Show that there are infinitely many reducible polynomials of the form $x^n+x+1$ in $\mathbf{F}_2[x]$

As a variation on the (essentially equivalent) ideas in the answers and comments: we could ask that there be $\alpha\in \mathbb F_4$ solving $x^n+x+1=0$, noting that certainly there is no solution in $\mathbb F_2$. For $\alpha\in \mathbb F_4$, $\alpha^4=\alpha$, and since $\alpha\not=0,1$, also $\alpha^3=1$ and $\alpha^2+\alpha+1=0$. Thus, $$ \alpha^{3n+2} + \alpha + 1 = \alpha^2+\alpha+1 = 0 $$ Thus, $x^2+x+1$ divides $x^{3n+2}+x+1$.

Proof by induction.

Base case ($n=0$): $$\begin{align} (x^2+x+1)\left(x^3+\sum\limits_{i=0}^0 (x^{3i}+x^{3i+2})\right)&=(x^2+x+1)(x^3+x^2+1)\\&=x^5+2x^4+2x^3+2x^2+x+1\\&=x^5+x+1=x^{3(0)+5}+x+1 \end{align}$$ (working in $\mathbb{F}_2[x]$).

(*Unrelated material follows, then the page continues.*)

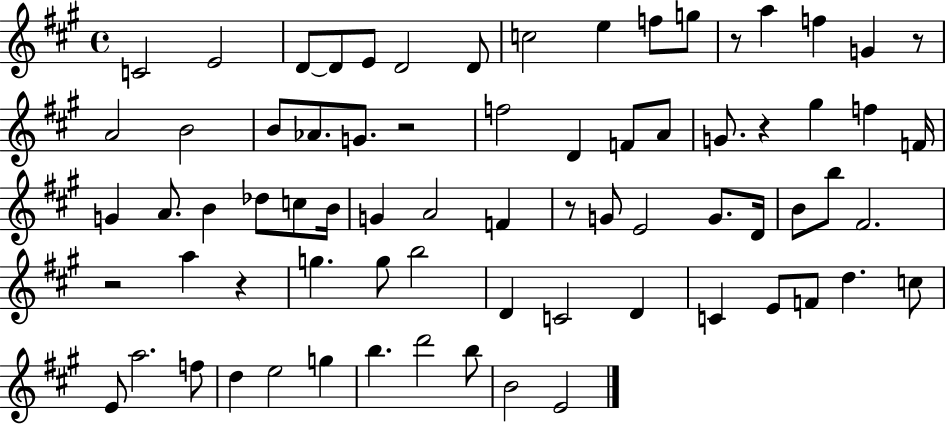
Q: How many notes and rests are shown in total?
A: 73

Inductive hypothesis ($n \geq 0$): Suppose that $$(x^2+x+1)\left(x^{3(n+1)}+\sum\limits_{i=0}^n (x^{3i}+x^{3i+2})\right)=x^{3n+5}+x+1$$

Then: $$\begin{align} &(x^2+x+1)\left(x^{3(n+2)}+\sum\limits_{i=0}^{n+1} (x^{3i}+x^{3i+2})\right)=\\ &(x^2+x+1)\left(x^{3(n+2)}+x^{3(n+1)}+x^{3(n+1)+2}+\sum\limits_{i=0}^{n} (x^{3i}+x^{3i+2})\right)=\\ &(x^2+x+1)(x^{3(n+2)}+x^{3(n+1)+2}) + (x^2+x+1)\left(x^{3(n+1)}+\sum\limits_{i=0}^{n} (x^{3i}+x^{3i+2})\right) \end{align}$$

using our inductive hypothesis we get

$$\begin{align} &=(x^2+x+1)(x^{3(n+2)}+x^{3(n+1)+2}) + x^{3n+5}+x+1\\ &=(x^2+x+1)(x^{3n+6}+x^{3n+5}) + x^{3n+5}+x+1\\ &=x^{3n+8}+2x^{3n+7}+2x^{3n+6}+2x^{3n+5}+x+1\\ &=x^{3(n+1)+5}+x+1 \end{align}$$

Therefore, $x^{3(n+1)+5}+x+1$ is reducible in $\mathbb{F}_2[x]$ (or in any polynomial ring with coefficients in a field of characteristic 2) for all non-negative integers $n$.